There’s a new batch of DC original graphic novels coming up, and trust and believe these will be on my shelves (and if my Kiddo has anything to say about it, my home shelves are included).
Yehudi Mercado is the perfect author/illustrator to bring this fun Shazam tale to comic book life. Beginning with Billy Batson’s arrival at his new foster family home and bonding with his new foster brother, Freddy, the main plot kicks in pretty quickly: as Billy and Freddy tests the limits of Billy’s power when he’s Shazam, they realize that even when he’s in Billy’s form, he’s got some power moves – and that leads him to join the school football team. The only thing is, Billy isn’t much of a team player. He just doesn’t have that kind of trust in others, so when the chips are down for the team, why should Billy come through? Maybe because a rival school is using biotech experimentation that makes them very, very dangerous? Maybe because Billy’s foster dad drops some wisdom on Billy? Thundercrack is fun, easy reading that captures the light spirit of the 2019 movie (and the upcoming movie, Fury of the Gods). Mercado is at the top of his game when he’s writing everyday family comedy that balances with a pathos that understands each character’s backstory. Having the story take place within the DCU timeline has a nice link for readers who are versed in the cinematic universe; Freddy is a strong Number 1 to Billy and has his own spirited journey in the story, with vlog entries and commentary running through the story. Add this one to your middle grade graphic novel collections – kids aren’t getting nearly enough Shazam! in their comic book diets.

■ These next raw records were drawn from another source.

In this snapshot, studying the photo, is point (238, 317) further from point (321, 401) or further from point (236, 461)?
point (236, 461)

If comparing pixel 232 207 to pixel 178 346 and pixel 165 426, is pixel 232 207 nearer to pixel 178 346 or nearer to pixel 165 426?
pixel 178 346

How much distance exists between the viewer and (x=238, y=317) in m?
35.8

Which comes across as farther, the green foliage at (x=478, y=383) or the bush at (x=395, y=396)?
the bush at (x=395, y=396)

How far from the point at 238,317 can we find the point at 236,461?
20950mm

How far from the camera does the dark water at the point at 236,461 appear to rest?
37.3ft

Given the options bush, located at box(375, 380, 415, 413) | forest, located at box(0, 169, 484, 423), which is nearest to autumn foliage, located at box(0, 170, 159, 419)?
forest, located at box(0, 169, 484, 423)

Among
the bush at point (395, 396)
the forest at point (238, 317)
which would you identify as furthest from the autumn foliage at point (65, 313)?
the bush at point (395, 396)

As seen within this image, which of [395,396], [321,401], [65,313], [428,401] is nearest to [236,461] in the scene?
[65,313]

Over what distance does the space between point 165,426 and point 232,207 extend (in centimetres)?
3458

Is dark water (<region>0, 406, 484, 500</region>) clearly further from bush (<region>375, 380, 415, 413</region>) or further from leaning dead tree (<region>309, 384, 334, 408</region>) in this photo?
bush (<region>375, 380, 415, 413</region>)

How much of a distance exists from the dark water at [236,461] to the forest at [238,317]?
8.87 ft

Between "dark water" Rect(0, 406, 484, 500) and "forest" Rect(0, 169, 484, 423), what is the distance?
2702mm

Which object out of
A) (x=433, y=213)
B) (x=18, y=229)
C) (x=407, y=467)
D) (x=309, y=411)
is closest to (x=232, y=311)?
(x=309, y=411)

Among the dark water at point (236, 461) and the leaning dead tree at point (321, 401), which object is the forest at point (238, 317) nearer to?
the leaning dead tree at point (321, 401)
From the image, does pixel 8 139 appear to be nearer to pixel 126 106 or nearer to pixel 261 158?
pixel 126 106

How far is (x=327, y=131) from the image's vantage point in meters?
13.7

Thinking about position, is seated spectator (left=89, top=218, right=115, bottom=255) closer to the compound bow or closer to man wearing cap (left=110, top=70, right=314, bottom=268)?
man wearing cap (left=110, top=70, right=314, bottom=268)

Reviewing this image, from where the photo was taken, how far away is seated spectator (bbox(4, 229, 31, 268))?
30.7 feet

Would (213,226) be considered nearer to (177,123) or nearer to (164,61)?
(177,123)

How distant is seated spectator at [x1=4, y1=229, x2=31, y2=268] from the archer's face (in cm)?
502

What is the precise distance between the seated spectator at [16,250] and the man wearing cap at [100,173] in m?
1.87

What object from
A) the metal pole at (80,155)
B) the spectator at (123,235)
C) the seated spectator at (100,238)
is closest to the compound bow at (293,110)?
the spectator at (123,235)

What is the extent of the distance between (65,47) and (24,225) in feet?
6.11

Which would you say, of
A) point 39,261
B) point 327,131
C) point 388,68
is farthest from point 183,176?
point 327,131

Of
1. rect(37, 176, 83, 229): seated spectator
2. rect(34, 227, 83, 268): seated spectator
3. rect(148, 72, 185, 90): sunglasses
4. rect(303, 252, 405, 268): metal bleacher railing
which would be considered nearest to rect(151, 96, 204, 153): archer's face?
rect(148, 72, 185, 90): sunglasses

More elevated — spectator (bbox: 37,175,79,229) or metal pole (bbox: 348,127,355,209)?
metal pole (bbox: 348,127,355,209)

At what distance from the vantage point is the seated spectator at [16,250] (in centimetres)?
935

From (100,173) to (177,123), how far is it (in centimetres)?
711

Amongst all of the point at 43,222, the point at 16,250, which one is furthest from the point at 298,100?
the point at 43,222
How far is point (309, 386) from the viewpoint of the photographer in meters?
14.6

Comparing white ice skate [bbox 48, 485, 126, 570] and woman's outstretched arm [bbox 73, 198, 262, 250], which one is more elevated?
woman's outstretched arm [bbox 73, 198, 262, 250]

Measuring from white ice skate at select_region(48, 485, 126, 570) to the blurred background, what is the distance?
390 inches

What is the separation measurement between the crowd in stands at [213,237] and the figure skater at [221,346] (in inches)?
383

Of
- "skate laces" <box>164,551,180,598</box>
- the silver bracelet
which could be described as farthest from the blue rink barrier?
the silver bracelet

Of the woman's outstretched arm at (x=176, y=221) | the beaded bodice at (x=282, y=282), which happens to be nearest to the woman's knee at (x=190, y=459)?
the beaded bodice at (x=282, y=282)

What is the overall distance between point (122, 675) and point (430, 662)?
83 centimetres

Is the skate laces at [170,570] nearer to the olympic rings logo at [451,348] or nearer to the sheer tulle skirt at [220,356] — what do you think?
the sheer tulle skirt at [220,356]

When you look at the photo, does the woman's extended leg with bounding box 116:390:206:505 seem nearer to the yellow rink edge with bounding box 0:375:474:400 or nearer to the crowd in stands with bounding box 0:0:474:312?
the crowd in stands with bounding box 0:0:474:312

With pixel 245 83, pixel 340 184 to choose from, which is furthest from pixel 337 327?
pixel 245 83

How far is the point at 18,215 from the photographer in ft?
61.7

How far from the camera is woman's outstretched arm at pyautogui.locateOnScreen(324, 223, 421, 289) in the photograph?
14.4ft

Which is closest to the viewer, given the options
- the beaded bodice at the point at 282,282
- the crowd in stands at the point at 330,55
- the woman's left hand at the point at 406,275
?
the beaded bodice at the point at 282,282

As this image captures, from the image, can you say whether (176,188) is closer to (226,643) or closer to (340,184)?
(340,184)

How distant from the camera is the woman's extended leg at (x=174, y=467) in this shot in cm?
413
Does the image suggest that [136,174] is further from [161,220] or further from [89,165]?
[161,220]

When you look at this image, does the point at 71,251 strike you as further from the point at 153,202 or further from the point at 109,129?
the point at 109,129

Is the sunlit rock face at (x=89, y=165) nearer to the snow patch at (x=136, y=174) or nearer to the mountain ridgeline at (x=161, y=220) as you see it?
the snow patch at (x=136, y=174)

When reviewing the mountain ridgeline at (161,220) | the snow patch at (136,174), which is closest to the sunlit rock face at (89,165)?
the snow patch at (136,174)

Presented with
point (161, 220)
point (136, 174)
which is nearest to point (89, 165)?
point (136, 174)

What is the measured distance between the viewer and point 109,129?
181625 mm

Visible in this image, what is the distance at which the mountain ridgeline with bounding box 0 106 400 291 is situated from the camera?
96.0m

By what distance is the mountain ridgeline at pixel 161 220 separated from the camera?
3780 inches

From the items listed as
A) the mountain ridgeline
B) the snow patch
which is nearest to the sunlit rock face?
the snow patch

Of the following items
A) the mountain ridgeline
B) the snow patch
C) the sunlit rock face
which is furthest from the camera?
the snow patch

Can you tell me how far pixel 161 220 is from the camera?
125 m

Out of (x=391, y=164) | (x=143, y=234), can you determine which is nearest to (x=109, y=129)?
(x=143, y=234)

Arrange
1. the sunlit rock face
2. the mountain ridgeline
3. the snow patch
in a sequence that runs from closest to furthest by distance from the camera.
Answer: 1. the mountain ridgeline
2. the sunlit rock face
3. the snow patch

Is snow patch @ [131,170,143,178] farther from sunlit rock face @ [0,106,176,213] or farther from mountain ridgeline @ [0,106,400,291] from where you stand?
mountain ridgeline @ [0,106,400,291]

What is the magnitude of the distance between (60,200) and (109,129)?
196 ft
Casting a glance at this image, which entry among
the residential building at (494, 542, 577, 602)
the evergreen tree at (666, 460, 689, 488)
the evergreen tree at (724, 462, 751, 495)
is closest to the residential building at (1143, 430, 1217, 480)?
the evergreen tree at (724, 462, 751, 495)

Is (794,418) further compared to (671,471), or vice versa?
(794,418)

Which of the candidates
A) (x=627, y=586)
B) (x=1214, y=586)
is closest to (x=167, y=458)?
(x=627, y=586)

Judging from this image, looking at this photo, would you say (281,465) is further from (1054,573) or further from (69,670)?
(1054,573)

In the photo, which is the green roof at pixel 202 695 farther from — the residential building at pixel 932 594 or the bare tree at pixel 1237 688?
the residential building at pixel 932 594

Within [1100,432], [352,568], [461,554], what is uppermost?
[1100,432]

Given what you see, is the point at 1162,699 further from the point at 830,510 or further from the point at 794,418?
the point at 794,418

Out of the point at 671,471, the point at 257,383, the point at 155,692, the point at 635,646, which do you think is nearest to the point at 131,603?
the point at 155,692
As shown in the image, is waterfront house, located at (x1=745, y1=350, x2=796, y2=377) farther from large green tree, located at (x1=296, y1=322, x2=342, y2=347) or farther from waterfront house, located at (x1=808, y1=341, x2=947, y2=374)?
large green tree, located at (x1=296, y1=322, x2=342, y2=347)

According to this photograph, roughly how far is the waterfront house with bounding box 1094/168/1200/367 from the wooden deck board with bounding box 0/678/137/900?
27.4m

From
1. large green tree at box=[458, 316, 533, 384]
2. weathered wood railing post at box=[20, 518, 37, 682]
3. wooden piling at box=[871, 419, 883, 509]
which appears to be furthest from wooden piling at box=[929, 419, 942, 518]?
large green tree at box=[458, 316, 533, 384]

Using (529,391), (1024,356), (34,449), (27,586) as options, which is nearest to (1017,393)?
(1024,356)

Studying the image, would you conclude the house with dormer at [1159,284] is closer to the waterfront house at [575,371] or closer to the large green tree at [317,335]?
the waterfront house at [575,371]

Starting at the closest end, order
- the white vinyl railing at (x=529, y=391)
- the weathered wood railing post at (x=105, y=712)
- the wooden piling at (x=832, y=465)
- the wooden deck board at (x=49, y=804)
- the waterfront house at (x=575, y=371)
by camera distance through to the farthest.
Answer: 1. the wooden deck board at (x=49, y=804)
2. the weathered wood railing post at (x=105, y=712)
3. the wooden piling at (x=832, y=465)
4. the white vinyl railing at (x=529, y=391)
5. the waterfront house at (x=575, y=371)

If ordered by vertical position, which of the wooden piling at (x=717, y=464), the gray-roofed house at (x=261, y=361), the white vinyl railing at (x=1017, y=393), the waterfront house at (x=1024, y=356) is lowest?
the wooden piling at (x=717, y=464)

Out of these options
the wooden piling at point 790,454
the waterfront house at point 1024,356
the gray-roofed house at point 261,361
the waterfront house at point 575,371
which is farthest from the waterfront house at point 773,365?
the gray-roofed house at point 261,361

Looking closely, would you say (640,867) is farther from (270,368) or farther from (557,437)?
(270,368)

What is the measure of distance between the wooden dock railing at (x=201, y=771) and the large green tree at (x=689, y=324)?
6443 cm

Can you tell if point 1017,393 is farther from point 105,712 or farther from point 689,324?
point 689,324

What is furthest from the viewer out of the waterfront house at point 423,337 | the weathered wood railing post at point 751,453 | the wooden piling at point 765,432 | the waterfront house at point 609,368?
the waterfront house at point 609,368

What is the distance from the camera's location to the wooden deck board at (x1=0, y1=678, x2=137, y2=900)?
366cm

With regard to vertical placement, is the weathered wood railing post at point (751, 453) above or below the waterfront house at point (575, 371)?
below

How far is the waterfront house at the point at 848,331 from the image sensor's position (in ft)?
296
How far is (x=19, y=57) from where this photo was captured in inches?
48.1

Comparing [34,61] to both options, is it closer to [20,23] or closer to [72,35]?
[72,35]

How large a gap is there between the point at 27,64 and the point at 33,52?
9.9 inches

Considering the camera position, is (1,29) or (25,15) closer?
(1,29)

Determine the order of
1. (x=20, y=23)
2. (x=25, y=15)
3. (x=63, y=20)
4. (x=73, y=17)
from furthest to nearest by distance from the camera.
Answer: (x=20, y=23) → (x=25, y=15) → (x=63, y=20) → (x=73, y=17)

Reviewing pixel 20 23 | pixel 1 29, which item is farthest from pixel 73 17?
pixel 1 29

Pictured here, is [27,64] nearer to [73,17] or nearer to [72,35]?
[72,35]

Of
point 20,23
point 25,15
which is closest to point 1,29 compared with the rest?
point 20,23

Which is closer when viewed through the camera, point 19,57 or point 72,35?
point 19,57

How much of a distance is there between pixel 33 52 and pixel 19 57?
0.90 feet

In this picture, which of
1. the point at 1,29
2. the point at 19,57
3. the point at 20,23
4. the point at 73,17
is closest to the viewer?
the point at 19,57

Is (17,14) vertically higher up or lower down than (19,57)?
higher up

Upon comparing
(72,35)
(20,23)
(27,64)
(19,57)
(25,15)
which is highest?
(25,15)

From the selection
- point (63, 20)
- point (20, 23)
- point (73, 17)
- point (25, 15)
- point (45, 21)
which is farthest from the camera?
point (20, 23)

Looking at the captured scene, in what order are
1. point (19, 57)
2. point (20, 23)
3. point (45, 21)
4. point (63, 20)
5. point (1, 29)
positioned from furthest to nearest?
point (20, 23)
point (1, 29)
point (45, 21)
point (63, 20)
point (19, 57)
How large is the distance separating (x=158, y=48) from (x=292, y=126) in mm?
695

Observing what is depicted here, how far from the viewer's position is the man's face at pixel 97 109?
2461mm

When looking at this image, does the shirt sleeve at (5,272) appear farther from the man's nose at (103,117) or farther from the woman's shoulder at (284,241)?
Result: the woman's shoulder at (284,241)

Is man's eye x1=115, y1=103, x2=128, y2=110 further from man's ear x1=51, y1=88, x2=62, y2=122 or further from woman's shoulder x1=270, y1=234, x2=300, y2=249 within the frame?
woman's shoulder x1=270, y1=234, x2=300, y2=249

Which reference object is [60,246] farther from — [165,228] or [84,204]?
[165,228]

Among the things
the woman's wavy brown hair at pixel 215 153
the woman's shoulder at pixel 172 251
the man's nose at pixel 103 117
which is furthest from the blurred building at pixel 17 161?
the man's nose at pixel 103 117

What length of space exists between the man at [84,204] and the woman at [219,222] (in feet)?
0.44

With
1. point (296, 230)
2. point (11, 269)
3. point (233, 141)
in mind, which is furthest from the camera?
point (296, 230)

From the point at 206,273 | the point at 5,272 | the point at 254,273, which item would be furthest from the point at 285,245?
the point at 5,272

Another middle grade luminary takes the reins for this Bruce Wayne-Before-Batman story. Batman: Not Super is all about Bruce Wayne, who attends a super-special school. No, really, all the students have superpowers except for Bruce, who’s only there because his parents paid for the school to be built before they passed away. He’s rubbing shoulders with superhero elite here, but he’s not the most popular kid in school; he hangs out with an 11-year-old named Dick Grayson, whose gymnastic abilities got him into the school. He’s bullied by Clark Kent, who uses his x-ray vision to see through Bruce’s clothes and tell everyone what underwear he’s wearing that day. Things change when bully Jack Napier steals Dick’s ice cream money, though: Bruce has found his mission, and it’s to be a vigilante! Now, to just figure out how to get around his guardian, Alfred, who won’t let Bruce undertake any dangerous missions. Even when Dick overhears Jack telling Bane that they’re going to rob all the lockers while everyone is at the big game. Fast-paced dialogue and swiftly moving action come together with jokes and humor. Pekmezci’s artwork is a feast for superhero-loving eyes as the DC Middle School Universe unfolds in front of them: Harley Quinn and Poison Ivy are canoodling by the lockers; Penguin and Selina Kyle are here; Arthur Curry is more AquaKid than Aquaman, but he’s talking to the fish in the school fish tank, and Wonder Girl Donna Troy is Diana Prince’s younger sister. Sharp-eyed comics fans will catch some deep cuts, like Polka Dot Man, and comics fans of a *cough* certain age will appreciate the Bat Shark Repellent joke that finds its way into most Bat-humor. Bruce Wayne: Not Super is another home run for middle graders. Put this one on your shelves.
The third in the Teen Titans series from Kami Garcia and Gabriel Picolo, Teen Titans: Robin is the fourth Teen Titans story that includes Raven, Beast Boy, and Beast Boy Loves Raven. Joined by Damian Wayne and Max Navarro, the group is on the run from Slade Wilson and H.I.V.E.; Dick Grayson leaves Gotham to find his younger brother, Damian. Damian resists getting to know his adopted brother, feeling like his father, Bruce, attempted to replace him, but Grayson just wants to get to know his brother and keep him and his friends safe. With equal emphasis on character growth, developing relationships, and action, this is a great addition to the series. Picolo does so much storytelling through his color changes and shading; he takes each color that readers and viewers familiar with the Titans will recognize and makes them part of the story, leaving Slade Wilson’s story gray and desolate. This one’s for the middle and high schoolers, but upper grade elementary schoolers may be interested, too.
I’ve been such a fan of these YA and middle grade books since they launched a few years ago. By bringing original graphic novels to kids and finding authors and illustrators that are standout names, they’re investing brand new generations of readers into comics and graphic novels.